While the invention has been described in connection with what is presently considered to be the most practical and preferred embodiment, it is to be understood that the invention is not to be limited to the disclosed embodiment, but on the contrary, is intended to cover various modifications and equivalent arrangements included within the spirit and scope of the appended claims.

Claims

1. A micro expression recognition method based on a contrast amplifying network is characterized by comprising the following steps:

(4) for each source sample, sampling a plurality of frames from the remaining video frames as corresponding negative samples according to the calculated probability distribution;

2. The micro expression recognition method based on the contrast amplifying network according to claim 1, wherein: the preprocessing in the step (2) comprises face registration and face region cutting.

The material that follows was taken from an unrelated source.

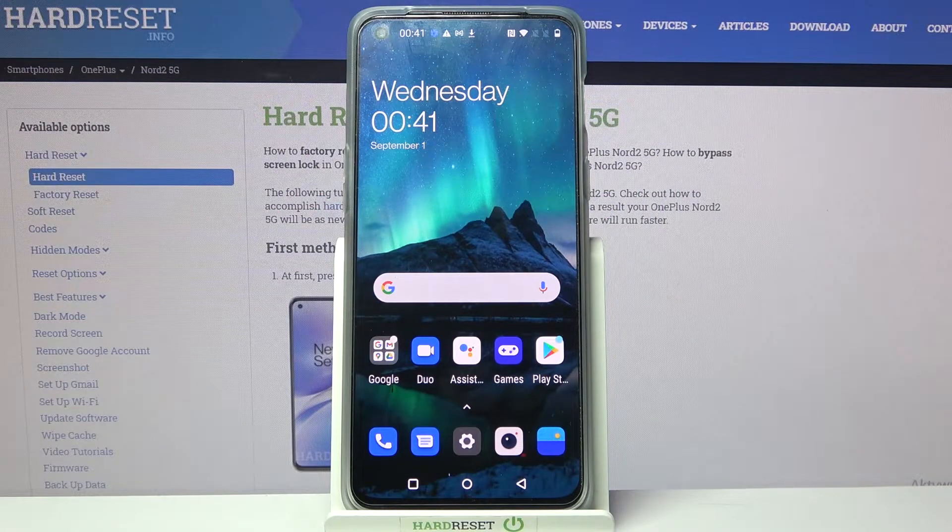Hi! In front of me is OnePlus Nord 2 5G and today I would like to show you how you can set up face unlock on this device.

3. The method for identifying micro-expressions based on contrastive augmentation according to claim 1, wherein: the sampling a fixed number of frames from each micro expression frame sequence as a source sample in the step (2) specifically includes:

4. The micro-expression recognition method based on the contrast and amplification network as claimed in claim 1, wherein: the step (3) specifically comprises the following steps:

(3-1) extracting feature vectors u of the source sample and the residual frame by using a pre-trained neural network for each micro-expression frame sequence:

u _i ＝g(x _i ),i＝1,…,N

Represents the ith source sample and x _i J-th residual frame of u _i 、

Denotes x _i 、

Ni represents x _i The number of remaining frames;

in the formula,

in the formula,

to represent

5. The micro expression recognition method based on the contrast amplifying network according to claim 1, wherein: the step (4) specifically comprises the following steps:

and for each source sample, sampling from the distance probability distribution, and taking a video frame corresponding to the probability obtained by sampling as a negative sample.

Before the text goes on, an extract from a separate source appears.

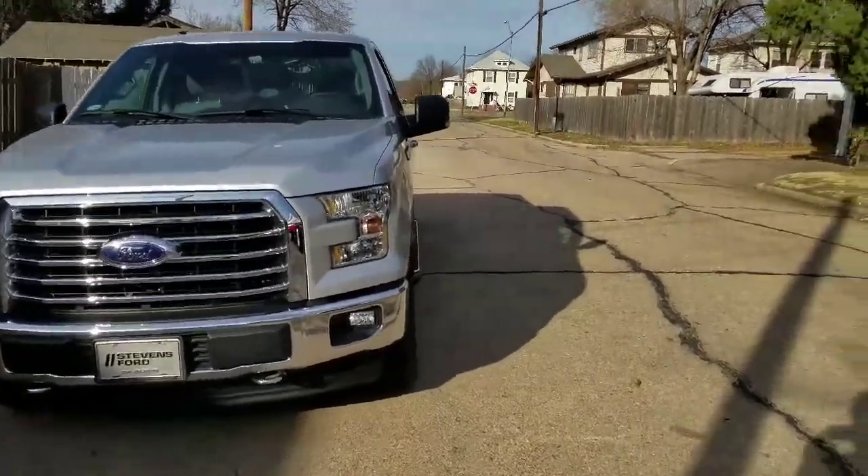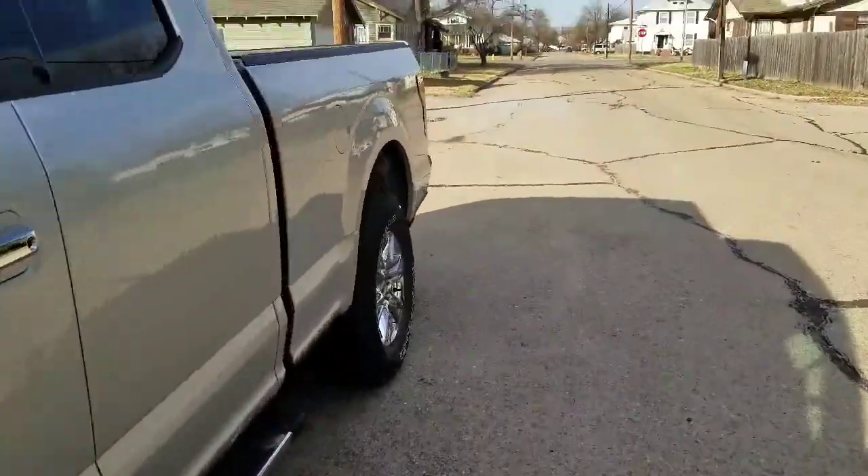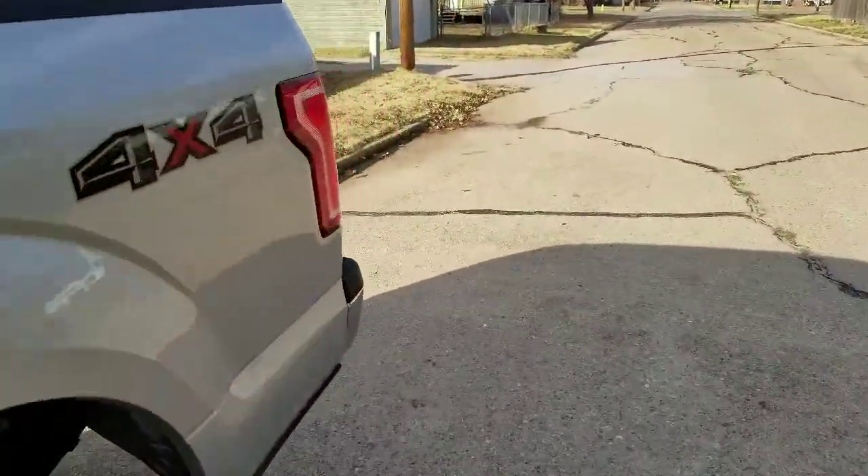Alright, here we are. My brand new truck here. Pretty excited about it. It's a 2017 Ford F-150.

6. The micro expression recognition method based on the contrast amplifying network according to claim 1, wherein: the loss function in the step (6) is specifically:

wherein,

in order to achieve a loss of contrast within the video,

in order to have a loss of inter-class contrast,

is the cross entropy loss.

7. The micro expression recognition method based on the contrast amplifying network as claimed in claim 6, wherein: the specific function of contrast loss in the video is as follows:

in the formula, I is a micro-expression database,

are respectively as

8. The micro-expression recognition method based on the contrast and amplification network as claimed in claim 6, wherein: the inter-class contrast loss is specifically a function as follows:

9. The micro expression recognition method based on the contrast amplifying network as claimed in claim 6, wherein: the cross entropy loss specific function is as follows:

10. The utility model provides a little expression recognition device based on contrast amplifier network which characterized in that: comprising a processor and a computer program stored on a memory and executable on the processor, wherein: the processor, when executing the program, implements the method of any of claims 1-9.